The participants, including old and young people alike, held a one-minute warm-up session before setting off for a three-lap march near an underground station in the neighbourhood of expensive hotels in central Budapest.
The sketch by the Monty Python team, who made their name in a 1970s television series, shows British actor and comedian John Cleese as a civil servant walking in unusual ways to the “Ministry of Silly Walks”.
Many of the Hungarian marchers were planning to improvise.
“I will perform a spontaneous silly walk, the outcome will be a surprise even to me,” said Borka, a 20-year-old student as her friend Timi, dressed in a neon green crocodile outfit, was finishing her warm-up routine.

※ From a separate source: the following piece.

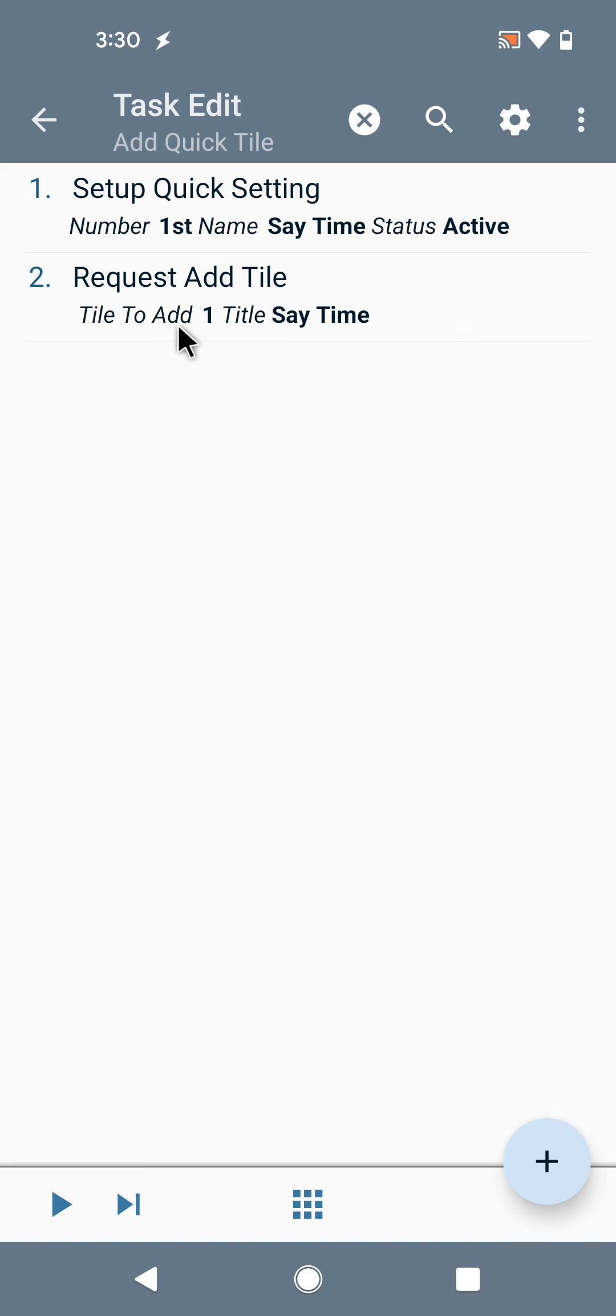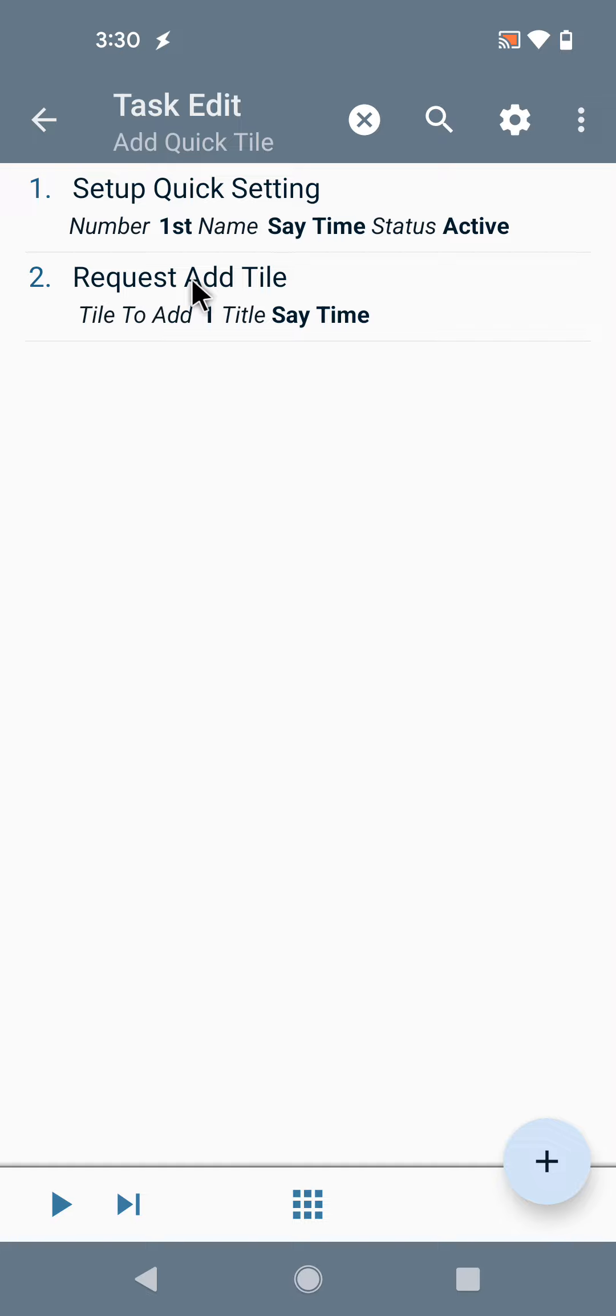This can be very handy for TaskerNet projects where you want the user to add a tile to its list, and so you can ask the user if they want to add the tile automatically or not when they're setting up your project.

“Many people walk in a rather weird fashion,” Borka said. “There is an enormous variety of options.”
Benedek Petrok, a 27-year-old education assistant who organised the march, said the event provided an opportunity for people to forget about their daily problems.
“I think life is serious enough and every once in a while it feels good to fool around a bit and just let off the steam,” said Valeria Meresz, a 68-year-old pensioner.